Tu m’as alors expliqué qu’il y avait de la place pour moi aussi là-bas ; je me souviens encore de la course folle de mes idées à ce moment là. Tu as posé ta main sur la mienne et tu m’as dit :
« Ne t’inquiète pas, je veux juste que tu saches que tout est possible »
« Tout c’est quoi exactement ? » ai-je fini par balbutier.
« Ma vie est là-bas et ma femme ne m’y suivra pas », as-tu répondu.
« Toi tu m’as toujours suivi dans ce projet et nous savons que nous sommes ensemble depuis que nous nous connaissons. Alors si tu veux, il y a une place possible pour toi là-bas, parce qu’il y a aussi de la place pour toi dans ma vie.»
Je n’ai rien répondu sur le moment, ma tête allait certainement exploser et mon cœur avec. Je me suis sentie sourire et soudain les larmes m’ont envahies. Pour la première fois depuis trois ans nous avons refait l’amour et j’ai passé la nuit dans tes bras.

Personne ne me retenait vraiment en France, j’avais du temps pour organiser mon départ et la vie de ma fille sans moi. Alors nous avons passé les deux années qui suivirent à nous préparer, je suis allée deux fois en Afrique avec toi, j’ai observé, j’ai appris les modes de vie, étudié les programmes en place, j’ai fait connaissance avec un monde que je ne connaissais qu’à travers toi et mes lectures. J’ai évalué ma capacité à m’y sentir bien et j’ai accepté de venir vivre ici pendant de longues périodes pour travailler à tes côtés sur une mission humanitaire.

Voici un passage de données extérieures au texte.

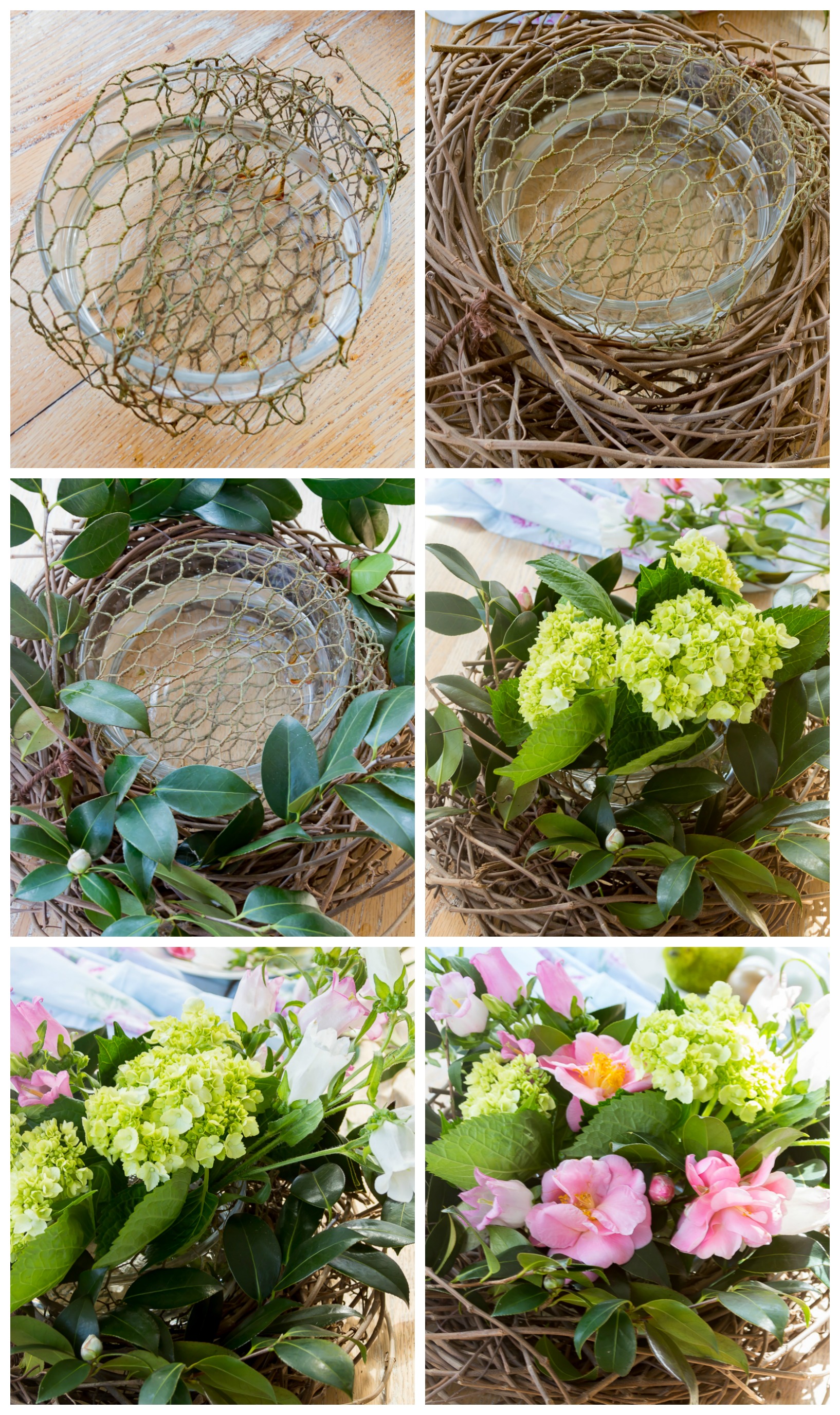 DIY Spring Floral Birds Nest Centerpiece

Nous avons assumé les responsabilités qui étaient les nôtres en France, ce fut plus difficile pour toi que pour moi. Nous avons pris le temps d’apprendre à vivre ensemble et notre amour a grandi de jour en jour ; les tempêtes furent nombreuses, la parole et le respect les ont toujours dénouées.

L’hôtesse vient d’annoncer l’atterrissage, je cherche mes chewing-gums et je me concentre ; je regarde par le hublot, le soleil et la poussière m’attendent. Je descends les marches avec une légèreté que je ne me connaissais plus, je sais que tu es là, déjà j’aperçois ta silhouette, tu hâtes le pas vers moi : comme il est bon d’être attendu.